How Sosa, or any commissioner who voted yes, could stand by a potential $2.4 billion of debt with a clear conscience is difficult to fathom. The Marlins are up to their old tricks, still pussyfooting their way around the facts. All those years the team had the lowest payroll in baseball, Samson claimed money went to hidden costs in running a ballclub. One of them, he told Sun-Sentinel columnist Dave Hyde, was marketing.

"Eight figures," Samson said. He told The Miami Herald it was among the most in baseball.

In 2008, the Marlins spent $9.8 million on marketing, according to their balance sheet. The Tampa Bay Rays spent $23 million, the Pittsburgh Pirates $17.1 million, the Texas Rangers $16 million and the Los Angeles Angels $10 million. The only team to budget less among the six whose financials were leaked was the Seattle Mariners, whom the Marlins outspent by $11,000.

This isn't a white lie here, a fib there. It is systemic. Marlins mislead, public follows. The balance sheet was a gift to Miami-Dade County taxpayers who deserve – and have deserved since the "yes" vote – to know how the team they were endowing is run.

The poor, poor Marlins had an operating profit of $48.9 million in 2008 and 2009, including $11.1 million last year, when they increased payroll and started paying off their stadium debt. Loria has already doubled his money on the Marlins – he bought the team for $158.5 million, including a $38.5 million interest-free loan, and it's now worth $317 million, according to Forbes' valuations – and the revenue streams from the new stadium should only increase that figure.
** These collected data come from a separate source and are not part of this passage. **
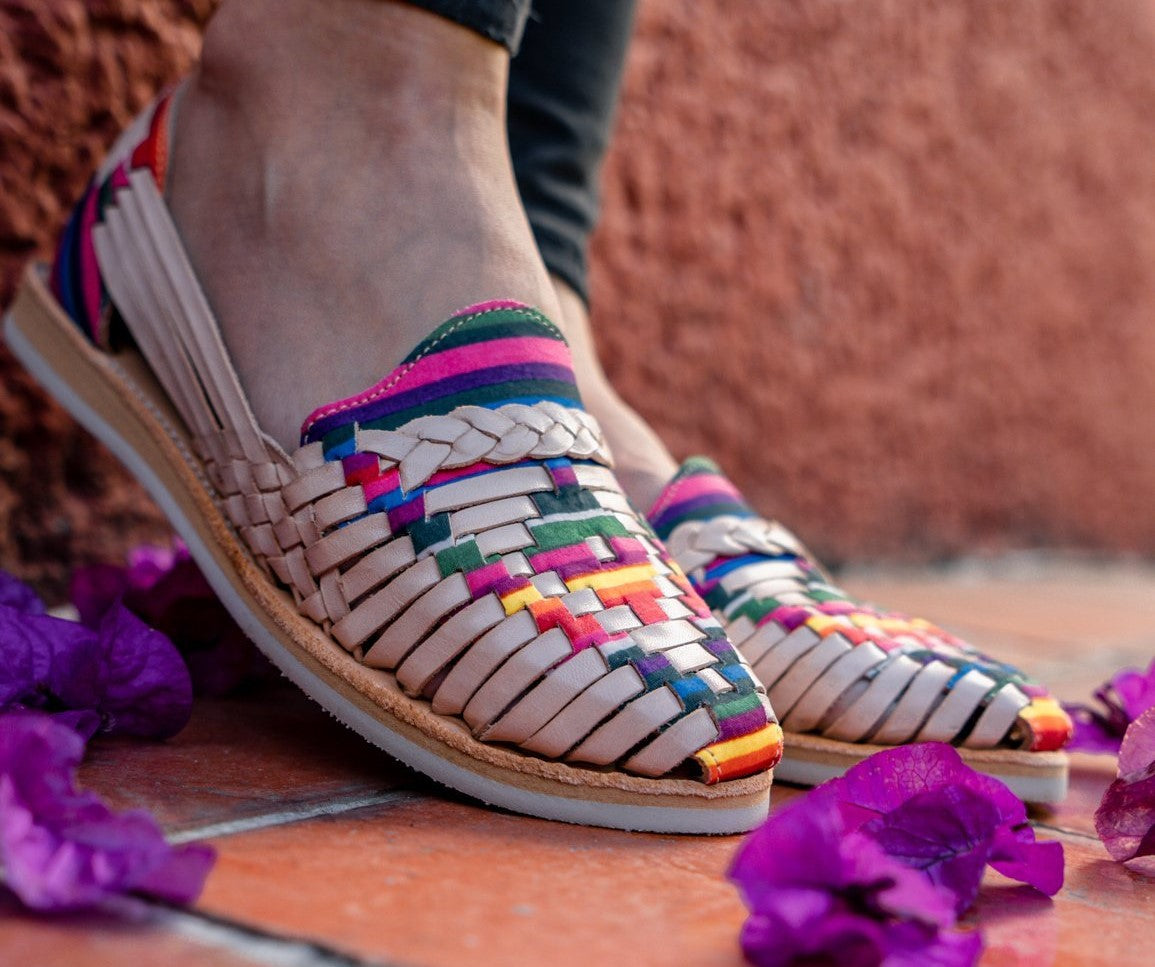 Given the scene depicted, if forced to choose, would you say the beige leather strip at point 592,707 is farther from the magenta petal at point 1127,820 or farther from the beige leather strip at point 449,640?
the magenta petal at point 1127,820

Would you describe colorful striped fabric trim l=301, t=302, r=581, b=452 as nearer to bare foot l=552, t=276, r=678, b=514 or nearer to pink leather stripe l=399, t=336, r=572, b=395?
pink leather stripe l=399, t=336, r=572, b=395

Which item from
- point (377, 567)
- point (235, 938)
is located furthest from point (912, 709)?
point (235, 938)

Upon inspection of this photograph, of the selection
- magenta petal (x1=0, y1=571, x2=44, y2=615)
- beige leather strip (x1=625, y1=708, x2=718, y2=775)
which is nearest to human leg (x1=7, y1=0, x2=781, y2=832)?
beige leather strip (x1=625, y1=708, x2=718, y2=775)

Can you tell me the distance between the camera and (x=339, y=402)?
704 millimetres

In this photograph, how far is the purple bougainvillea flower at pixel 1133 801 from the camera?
62 cm

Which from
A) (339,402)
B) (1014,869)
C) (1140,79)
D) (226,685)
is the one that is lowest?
(226,685)

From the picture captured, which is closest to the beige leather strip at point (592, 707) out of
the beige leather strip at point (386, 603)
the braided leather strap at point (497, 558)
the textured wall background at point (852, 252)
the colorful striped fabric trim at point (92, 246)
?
the braided leather strap at point (497, 558)

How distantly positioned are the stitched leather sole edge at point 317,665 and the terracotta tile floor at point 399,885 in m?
0.01

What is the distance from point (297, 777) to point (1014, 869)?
388 millimetres

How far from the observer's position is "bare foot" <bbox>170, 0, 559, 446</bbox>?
2.44 ft

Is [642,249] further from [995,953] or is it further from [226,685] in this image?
[995,953]

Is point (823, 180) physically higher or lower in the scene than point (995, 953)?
higher

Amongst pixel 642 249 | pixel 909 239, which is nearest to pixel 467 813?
pixel 642 249

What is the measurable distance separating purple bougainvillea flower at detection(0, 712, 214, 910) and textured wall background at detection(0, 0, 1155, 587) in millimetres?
746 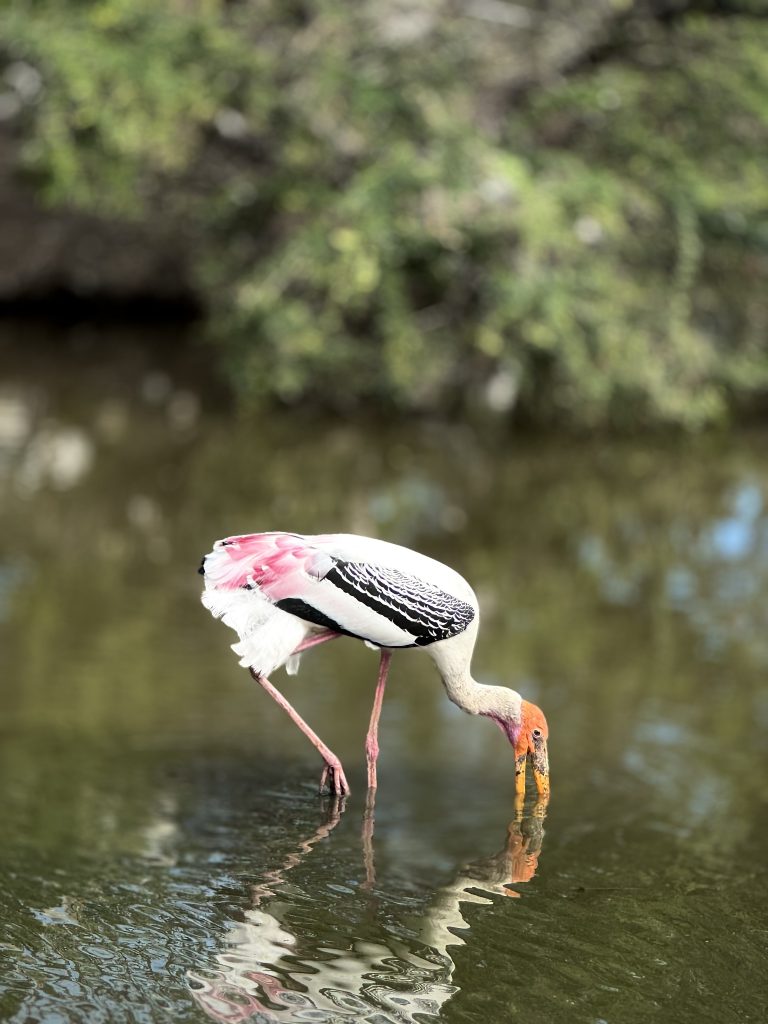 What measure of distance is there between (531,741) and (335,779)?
60 centimetres

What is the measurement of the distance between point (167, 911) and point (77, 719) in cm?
321

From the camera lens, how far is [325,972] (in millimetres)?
3799

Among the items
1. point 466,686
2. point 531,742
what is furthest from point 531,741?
point 466,686

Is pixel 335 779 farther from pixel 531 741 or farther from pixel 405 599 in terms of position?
pixel 405 599

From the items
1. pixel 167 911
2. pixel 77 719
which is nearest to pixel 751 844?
pixel 167 911

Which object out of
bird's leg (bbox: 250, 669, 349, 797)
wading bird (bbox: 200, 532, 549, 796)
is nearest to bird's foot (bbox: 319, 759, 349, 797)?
bird's leg (bbox: 250, 669, 349, 797)

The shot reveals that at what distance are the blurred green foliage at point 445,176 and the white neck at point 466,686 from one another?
860 cm

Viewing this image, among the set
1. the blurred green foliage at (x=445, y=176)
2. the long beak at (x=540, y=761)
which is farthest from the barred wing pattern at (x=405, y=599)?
the blurred green foliage at (x=445, y=176)

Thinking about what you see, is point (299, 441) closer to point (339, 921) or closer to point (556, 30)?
point (556, 30)

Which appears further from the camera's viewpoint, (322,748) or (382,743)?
(382,743)

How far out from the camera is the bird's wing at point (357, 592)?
3.91 metres

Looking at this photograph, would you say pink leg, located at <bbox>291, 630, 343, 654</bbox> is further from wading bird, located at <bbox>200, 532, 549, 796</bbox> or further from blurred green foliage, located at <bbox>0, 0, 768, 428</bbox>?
blurred green foliage, located at <bbox>0, 0, 768, 428</bbox>

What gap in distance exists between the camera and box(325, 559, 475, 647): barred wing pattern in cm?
390

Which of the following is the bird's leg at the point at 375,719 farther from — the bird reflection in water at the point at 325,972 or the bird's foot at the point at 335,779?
the bird reflection in water at the point at 325,972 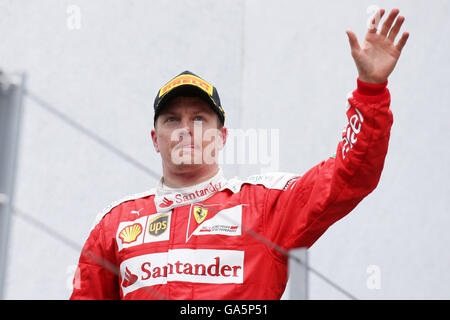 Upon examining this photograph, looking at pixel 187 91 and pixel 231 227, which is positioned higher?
pixel 187 91

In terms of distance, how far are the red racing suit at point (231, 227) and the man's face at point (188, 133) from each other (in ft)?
0.19

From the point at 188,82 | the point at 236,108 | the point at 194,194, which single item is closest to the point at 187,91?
the point at 188,82

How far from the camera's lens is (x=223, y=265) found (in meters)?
1.08

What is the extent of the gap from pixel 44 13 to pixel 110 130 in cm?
50

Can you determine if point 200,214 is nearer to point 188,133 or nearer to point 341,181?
point 188,133

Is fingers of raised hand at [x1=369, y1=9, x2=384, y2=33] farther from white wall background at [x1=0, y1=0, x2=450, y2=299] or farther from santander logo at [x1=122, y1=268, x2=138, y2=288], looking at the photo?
white wall background at [x1=0, y1=0, x2=450, y2=299]

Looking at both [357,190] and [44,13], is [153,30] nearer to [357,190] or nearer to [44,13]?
[44,13]

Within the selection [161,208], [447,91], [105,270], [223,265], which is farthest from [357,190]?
[447,91]

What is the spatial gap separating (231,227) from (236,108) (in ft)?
5.75

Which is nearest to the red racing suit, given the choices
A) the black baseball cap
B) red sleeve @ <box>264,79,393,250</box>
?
red sleeve @ <box>264,79,393,250</box>

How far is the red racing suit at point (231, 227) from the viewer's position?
37.0 inches

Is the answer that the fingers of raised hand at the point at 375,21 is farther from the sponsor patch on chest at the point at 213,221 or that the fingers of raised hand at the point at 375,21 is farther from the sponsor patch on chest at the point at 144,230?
the sponsor patch on chest at the point at 144,230

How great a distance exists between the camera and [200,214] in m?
1.16

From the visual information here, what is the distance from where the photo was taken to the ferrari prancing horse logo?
114 cm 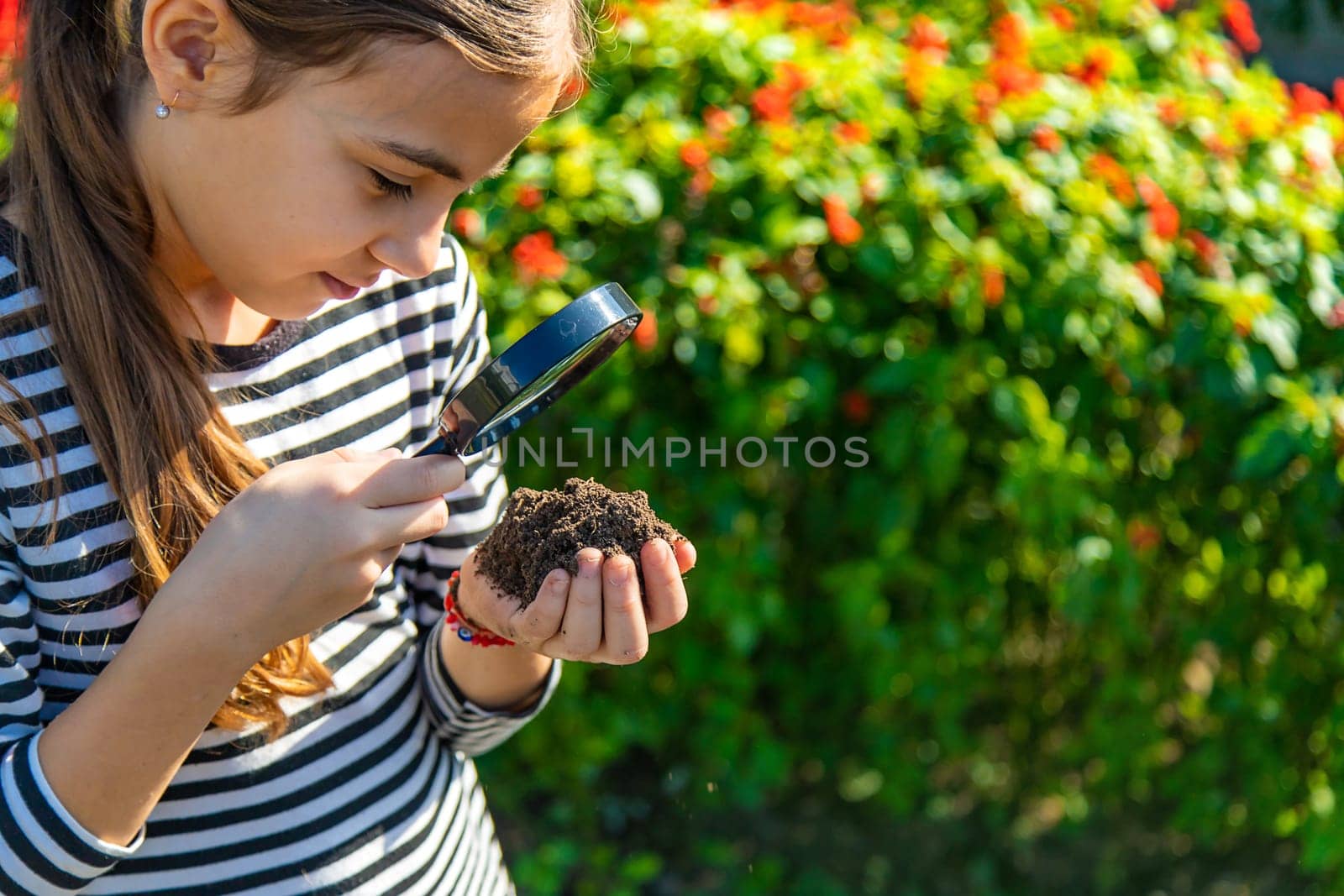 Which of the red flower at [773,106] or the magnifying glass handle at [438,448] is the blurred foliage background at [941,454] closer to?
the red flower at [773,106]

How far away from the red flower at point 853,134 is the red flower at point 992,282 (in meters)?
0.38

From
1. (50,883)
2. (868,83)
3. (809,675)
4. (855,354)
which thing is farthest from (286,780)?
(868,83)

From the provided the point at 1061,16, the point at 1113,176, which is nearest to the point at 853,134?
the point at 1113,176

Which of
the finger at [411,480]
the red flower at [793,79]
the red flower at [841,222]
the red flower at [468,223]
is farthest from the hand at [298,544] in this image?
the red flower at [793,79]

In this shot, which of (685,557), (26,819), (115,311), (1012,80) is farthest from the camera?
(1012,80)

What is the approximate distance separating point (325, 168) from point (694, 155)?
1.40 m

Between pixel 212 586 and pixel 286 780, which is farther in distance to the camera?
pixel 286 780

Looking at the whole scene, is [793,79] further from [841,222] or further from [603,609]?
[603,609]

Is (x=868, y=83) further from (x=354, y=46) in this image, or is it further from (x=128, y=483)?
(x=128, y=483)

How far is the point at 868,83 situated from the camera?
269cm

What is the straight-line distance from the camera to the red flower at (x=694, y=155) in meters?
2.43

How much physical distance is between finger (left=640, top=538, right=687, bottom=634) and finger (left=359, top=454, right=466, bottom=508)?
20 cm

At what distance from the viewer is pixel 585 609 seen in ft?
3.89

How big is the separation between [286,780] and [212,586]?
11.8 inches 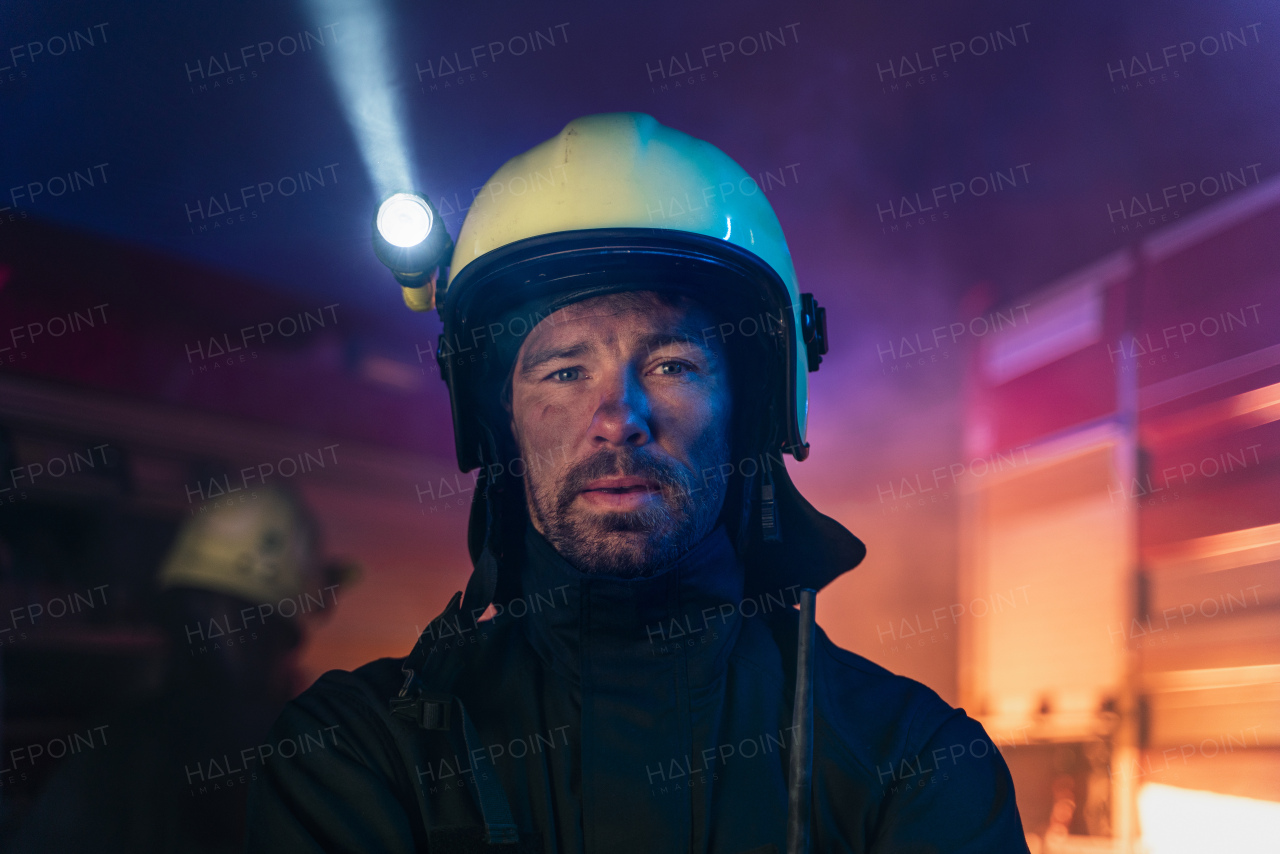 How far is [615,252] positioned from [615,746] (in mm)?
1011

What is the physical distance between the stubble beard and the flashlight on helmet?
62 centimetres

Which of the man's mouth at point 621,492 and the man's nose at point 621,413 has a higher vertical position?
the man's nose at point 621,413

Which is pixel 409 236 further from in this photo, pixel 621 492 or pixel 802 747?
pixel 802 747

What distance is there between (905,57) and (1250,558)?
2.28 meters

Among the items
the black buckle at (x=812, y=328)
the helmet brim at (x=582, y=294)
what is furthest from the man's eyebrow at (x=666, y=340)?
the black buckle at (x=812, y=328)

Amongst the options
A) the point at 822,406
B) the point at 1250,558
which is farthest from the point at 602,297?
the point at 1250,558

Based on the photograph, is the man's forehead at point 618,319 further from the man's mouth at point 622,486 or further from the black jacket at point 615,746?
the black jacket at point 615,746

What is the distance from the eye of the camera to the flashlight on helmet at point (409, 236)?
5.36ft

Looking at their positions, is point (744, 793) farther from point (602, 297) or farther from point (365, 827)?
point (602, 297)

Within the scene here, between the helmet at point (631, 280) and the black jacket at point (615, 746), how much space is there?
0.22 meters

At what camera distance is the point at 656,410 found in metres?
1.52

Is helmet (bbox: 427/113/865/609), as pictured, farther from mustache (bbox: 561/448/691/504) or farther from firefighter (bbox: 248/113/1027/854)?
mustache (bbox: 561/448/691/504)

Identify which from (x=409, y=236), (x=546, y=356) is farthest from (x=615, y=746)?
(x=409, y=236)

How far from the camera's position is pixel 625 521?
1.44 meters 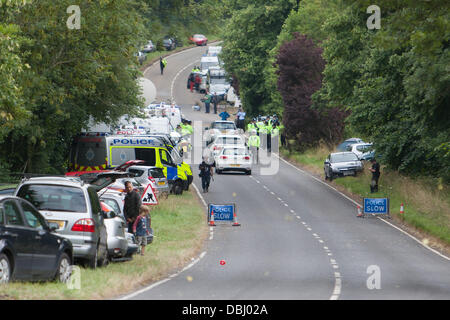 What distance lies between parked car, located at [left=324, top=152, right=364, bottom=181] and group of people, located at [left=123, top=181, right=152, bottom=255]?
24.4 meters

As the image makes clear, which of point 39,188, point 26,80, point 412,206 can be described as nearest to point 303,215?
point 412,206

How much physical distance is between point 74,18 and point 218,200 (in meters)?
14.2

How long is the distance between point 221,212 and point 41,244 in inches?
662

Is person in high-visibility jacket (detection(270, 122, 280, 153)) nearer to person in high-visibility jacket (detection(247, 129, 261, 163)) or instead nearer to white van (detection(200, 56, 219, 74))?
person in high-visibility jacket (detection(247, 129, 261, 163))

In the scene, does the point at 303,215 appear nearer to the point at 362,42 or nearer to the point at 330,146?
the point at 362,42

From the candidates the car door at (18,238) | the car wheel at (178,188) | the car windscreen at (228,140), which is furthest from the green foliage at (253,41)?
the car door at (18,238)

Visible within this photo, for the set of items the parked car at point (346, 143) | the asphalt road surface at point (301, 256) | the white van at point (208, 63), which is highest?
the white van at point (208, 63)

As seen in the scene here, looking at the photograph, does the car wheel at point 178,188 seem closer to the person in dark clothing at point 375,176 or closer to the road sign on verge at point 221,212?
the road sign on verge at point 221,212

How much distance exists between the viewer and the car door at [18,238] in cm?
1411

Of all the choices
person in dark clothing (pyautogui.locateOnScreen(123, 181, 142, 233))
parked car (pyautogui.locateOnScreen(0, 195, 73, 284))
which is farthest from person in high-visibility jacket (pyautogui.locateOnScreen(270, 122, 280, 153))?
parked car (pyautogui.locateOnScreen(0, 195, 73, 284))

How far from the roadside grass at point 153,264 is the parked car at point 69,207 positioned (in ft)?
1.89

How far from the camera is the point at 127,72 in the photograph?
33906 mm

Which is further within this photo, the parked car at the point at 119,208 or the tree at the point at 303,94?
the tree at the point at 303,94

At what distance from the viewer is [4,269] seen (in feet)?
45.6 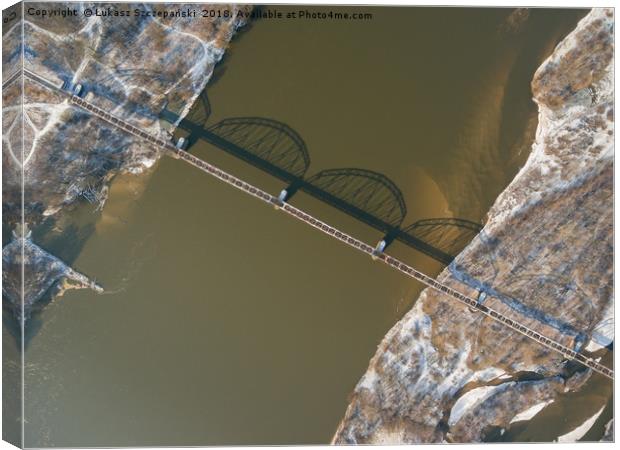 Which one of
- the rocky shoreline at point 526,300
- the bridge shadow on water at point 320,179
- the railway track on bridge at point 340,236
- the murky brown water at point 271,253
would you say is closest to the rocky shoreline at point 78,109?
the railway track on bridge at point 340,236

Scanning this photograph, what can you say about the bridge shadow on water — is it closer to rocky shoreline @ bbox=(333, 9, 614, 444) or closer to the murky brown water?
the murky brown water

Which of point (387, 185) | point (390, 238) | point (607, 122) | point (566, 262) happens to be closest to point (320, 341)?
point (390, 238)

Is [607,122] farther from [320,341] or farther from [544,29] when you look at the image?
[320,341]

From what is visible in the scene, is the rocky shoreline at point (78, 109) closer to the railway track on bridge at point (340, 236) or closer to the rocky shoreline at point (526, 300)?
the railway track on bridge at point (340, 236)

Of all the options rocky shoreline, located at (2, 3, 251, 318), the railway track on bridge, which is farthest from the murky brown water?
rocky shoreline, located at (2, 3, 251, 318)

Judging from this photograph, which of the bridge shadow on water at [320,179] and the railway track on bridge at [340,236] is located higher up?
the bridge shadow on water at [320,179]

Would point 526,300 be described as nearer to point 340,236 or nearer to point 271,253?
point 340,236

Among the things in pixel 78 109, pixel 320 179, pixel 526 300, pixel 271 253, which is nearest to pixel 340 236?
pixel 320 179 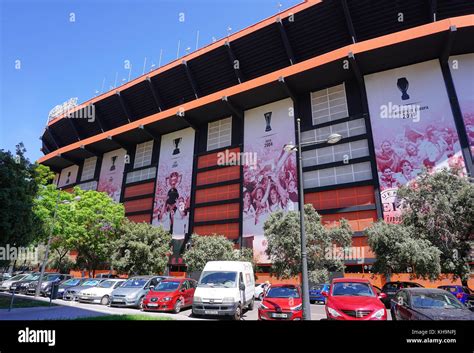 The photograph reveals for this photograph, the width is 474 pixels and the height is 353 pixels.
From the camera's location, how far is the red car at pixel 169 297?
41.8ft

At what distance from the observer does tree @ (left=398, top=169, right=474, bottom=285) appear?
1773cm

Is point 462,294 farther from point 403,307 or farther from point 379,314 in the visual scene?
point 379,314

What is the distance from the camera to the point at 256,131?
36062 mm

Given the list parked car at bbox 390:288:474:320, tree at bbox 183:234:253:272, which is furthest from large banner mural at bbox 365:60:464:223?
parked car at bbox 390:288:474:320

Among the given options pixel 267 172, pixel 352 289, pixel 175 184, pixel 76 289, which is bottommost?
pixel 76 289

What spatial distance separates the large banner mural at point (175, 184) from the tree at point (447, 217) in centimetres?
2637

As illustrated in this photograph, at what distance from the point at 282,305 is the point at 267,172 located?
23951 millimetres

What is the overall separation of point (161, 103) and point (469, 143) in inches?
1492

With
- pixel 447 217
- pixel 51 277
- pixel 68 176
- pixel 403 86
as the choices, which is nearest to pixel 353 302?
pixel 447 217

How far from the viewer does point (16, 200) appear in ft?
42.4

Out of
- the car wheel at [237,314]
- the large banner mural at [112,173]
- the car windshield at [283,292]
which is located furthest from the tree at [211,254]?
the large banner mural at [112,173] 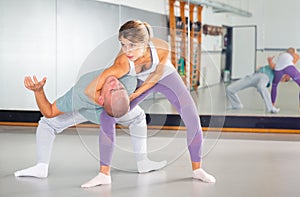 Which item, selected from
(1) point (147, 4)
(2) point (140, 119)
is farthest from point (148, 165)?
(1) point (147, 4)

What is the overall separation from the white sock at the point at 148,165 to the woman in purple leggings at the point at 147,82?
0.33 m

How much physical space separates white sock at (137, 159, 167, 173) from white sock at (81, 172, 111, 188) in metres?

A county hemorrhaging jobs funneled tax money to fund a stadium for a team with a reckless disregard for its community's welfare.

The politicians can pursue recourse, and the fans can bellow, and it doesn't change the reality that a $91 million loan to the county will take 39 years and $1.2 billion to pay off, and that Jeffrey Loria still owns the Florida Marlins with David Samson as his president, and that the retractable-roof stadium, the one that's 40 percent done, was built on lies that never seem to end.